UTS 43rd Commencement Address by Dr. Ki Hoon Kim
- Dr. Ki Hoon Kim
Congratulations to the UTS class of 2019, and congratulations to our Unification Theological Seminary on its 43rd commencement ceremony.
Forty-three years ago, our Seminary’s co-founders, Rev. Sun Myung Moon and Dr. Hak Ja Han Moon, led the first UTS commencement. The number “forty-three” has an important spiritual significance. From a Biblical perspective, it signifies separation from evil. In Exodus 12:40-41, it is written, “The length of time that the people of Israel lived in Egypt was 430 years. At the end of 430 years, on that very day, all the hosts of the Lord went out from the land of Egypt.” “Forty-three” also refers to the completion of a cycle. “Four” and “three” together add up to “seven” which is traditionally a number of completion. I want to expand on these themes of separation and completion in my remarks to the Seminary’s 43rd class.
The world must separate from the evils of religious intolerance and sectarian violence. In the year 2000, Rev. Moon called for the establishment of “a religious assembly, or council of religious representatives within the structure of the United Nations” to promote peace. His recommendation was not acted upon and in 2001, 9/11 occurred. Since then, there has been much religiously-motivated violence and terrorist acts.
During this school year, we witnessed tragic acts of violence perpetrated against houses of worship of Jewish, Muslim and Christian faiths. During Fall semester, on October 27, 2018, a gunman opened fire at the “Tree of Life” Jewish synagogue in Pittsburgh, Pennsylvania, killing eleven persons and wounding six others. During Spring semester, on March 15, 2019, a gunman opened fire at a mosque and Islamic Center in Christ Church, New Zealand, killing fifty-one and wounding forty-nine. Then, on Easter Sunday, April 21, 2019, a series of coordinated suicide bombings of three churches and three hotels in Sri Lanka killed 258 persons and wounded more than 500.
We must separate from these evils.
A fundamental purpose of UTS, expressed in our mission statement, is “to bridge religious and cultural divides.” The Seminary, represented by President Spurgin, issued statements after each of these tragedies, expressing grief over the loss of life and suffering. Expressing grief is entirely appropriate. However, we also must act. Here, I direct your attention to the work of our Seminary’s co-founder, Dr. Hak Ja Han Moon. At the advanced age of seventy-five, she is pursuing a global ministry of reconciliation and peace. She has named it a “Peace Starts with Me” ministry.

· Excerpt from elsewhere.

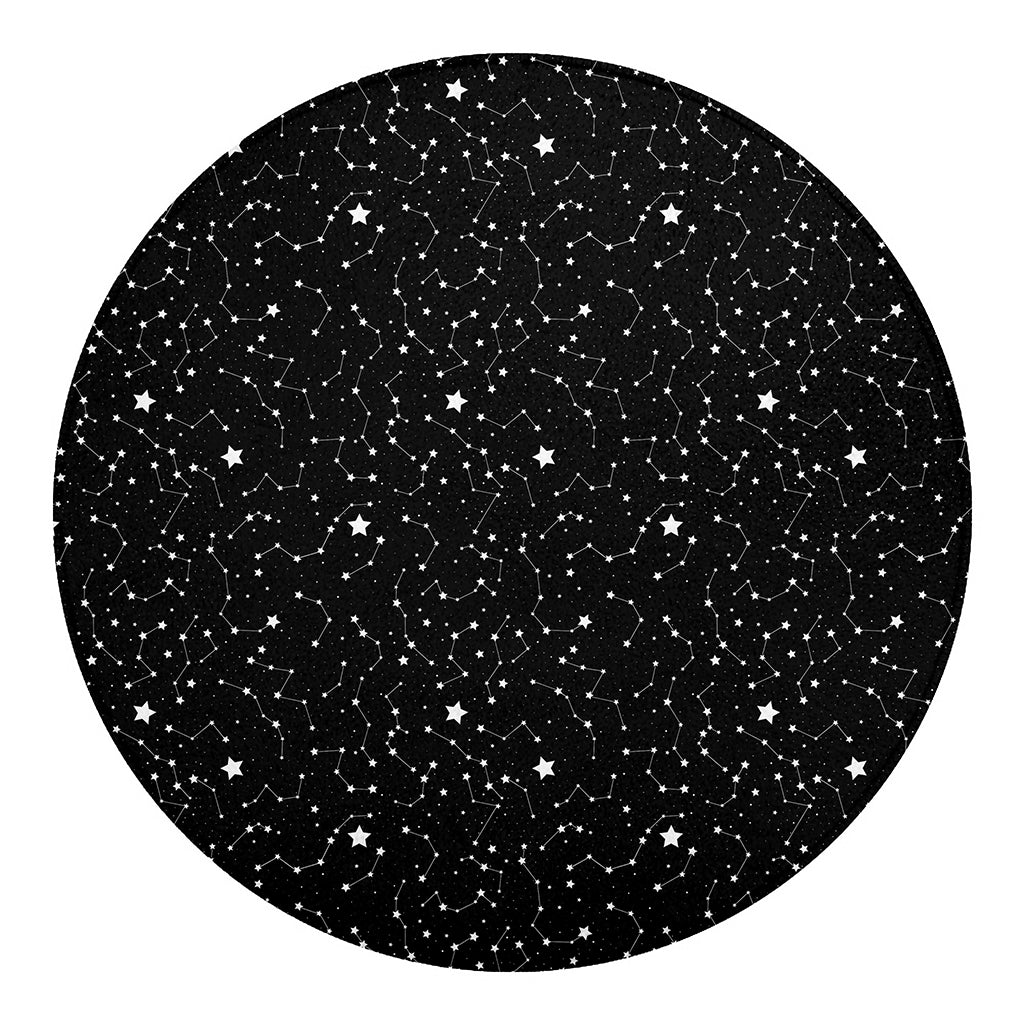 Star Constellations Pattern Print Round Blanket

Two years ago, she convened a “Global Rally for the Peaceful Reunification of the Korean Peninsula” before 80,000 at Seoul Olympic Stadium. Last year, she convened an “African Summit” in Dakar, Senegal and traveled to Gore island, site of one of the continent’s largest slave-markets, to pray for the souls of those who were brutalized there. Many of you were at her “Peace Starts with Me” rallies at Madison Square Garden and Nassau Coliseum last November. Mother Moon continued her “Peace Starts with Me” ministry with a rally at the City of Refuge megachurch in Los Angeles on April 6. She spoke of principles of peace, care for the environment and concern for humanity beyond national self-interest. She also presided over a marriage re-dedication and blessing of 6,000 present as a statement in support of harmony and peace. She will travel to Las Vegas for a “Peace Starts with Me” rally on June 22, then to Chicago and Washington, D.C.
My hope and prayer is that UTS graduates will not only support our co-founder’s ministry but also work for peace in their ministries and bless marriages of their people. The Seminary’s mission of bridging religious and cultural divides has never been more needed than it is today.

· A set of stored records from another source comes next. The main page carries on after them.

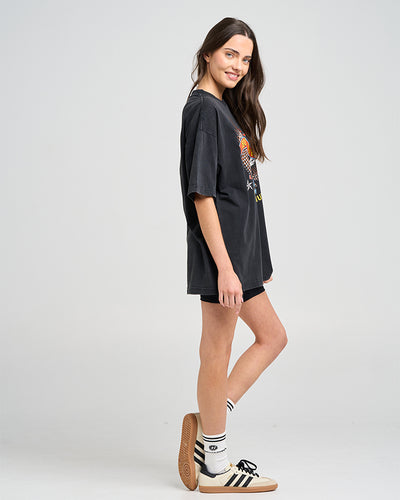 BORN TO RIDE | WOMENS OVERSIZED SS TEE - WASHED BLACK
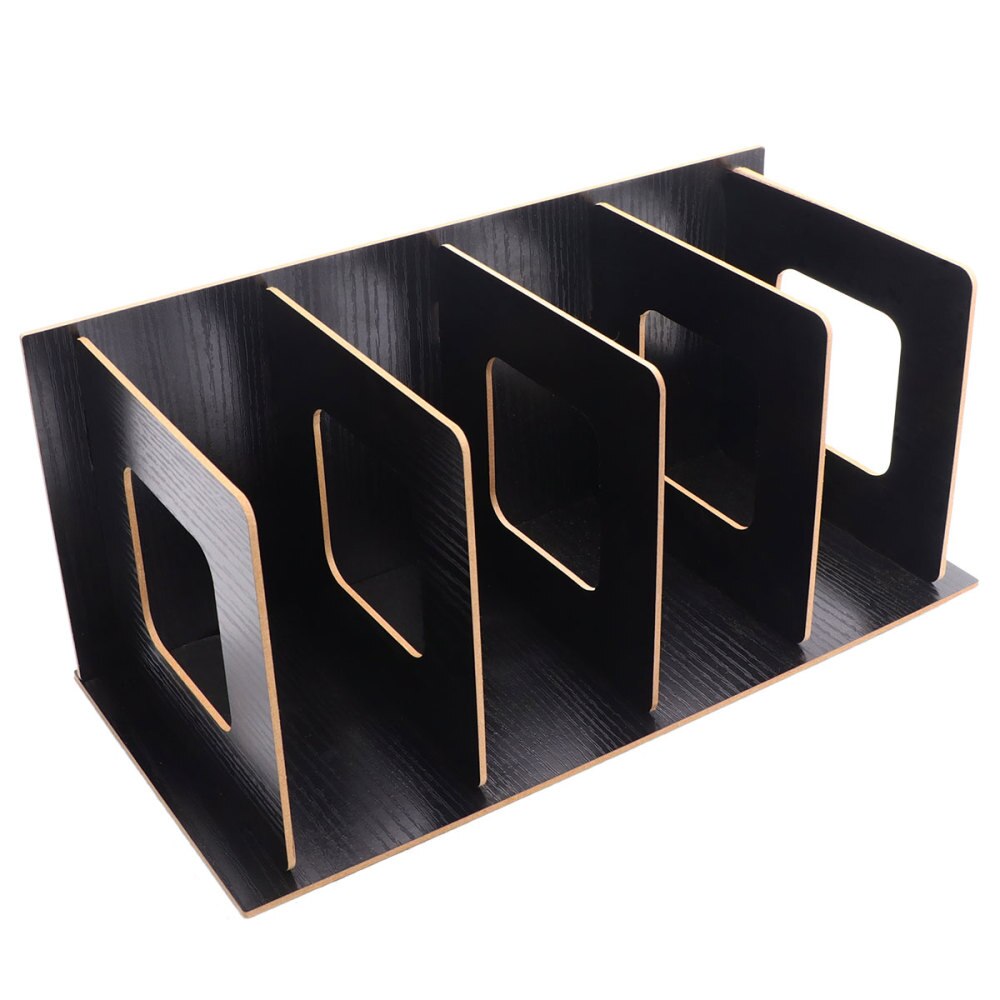 DIY Wooden Bookends Nonskid Heavy Duty Book Ends Supports Home Storage Rack for Books DVDs Magazines (Black)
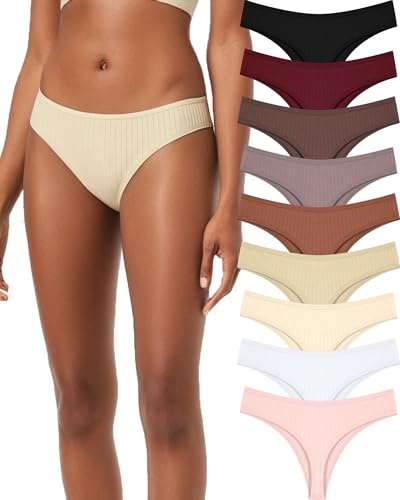 ALL OF SHE 9 Pack String Tanga Damen Baumwolle Sexy Unterwäsche Frauen Set Unterhosen Damen Slips Mehrpack Atmungsaktiv Thong Bikini Pantys S-XL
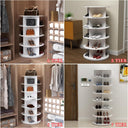 PTUWODS 7 Tier Rotating Shoe Cabinet - White PVC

I will address the theme of completion more briefly. Some of you may be aware that the New York State Board of Regents acted this month to make 4 West 43rd St the Seminary’s main campus. By the way, our new main campus address also contains the number forty-three! Even though UTS offered most of its Master’s course here since 2009, it now is official. UTS now will make its presence felt in the urban environment of Greater New York City. At the same time, the Seminary will reach out to the world through online distance education. UTS also will focus on raising a new generation of leadership. This is the focus of the Seminary’s strategic plan.
This year’s graduates are completing their study as UTS is completing a cycle in its history. Consider yourselves the final fruit of that cycle. Prepare yourselves to make your presence felt. Reach out locally and globally. Raise up outstanding new leaders. God bless you all and God bless UTS!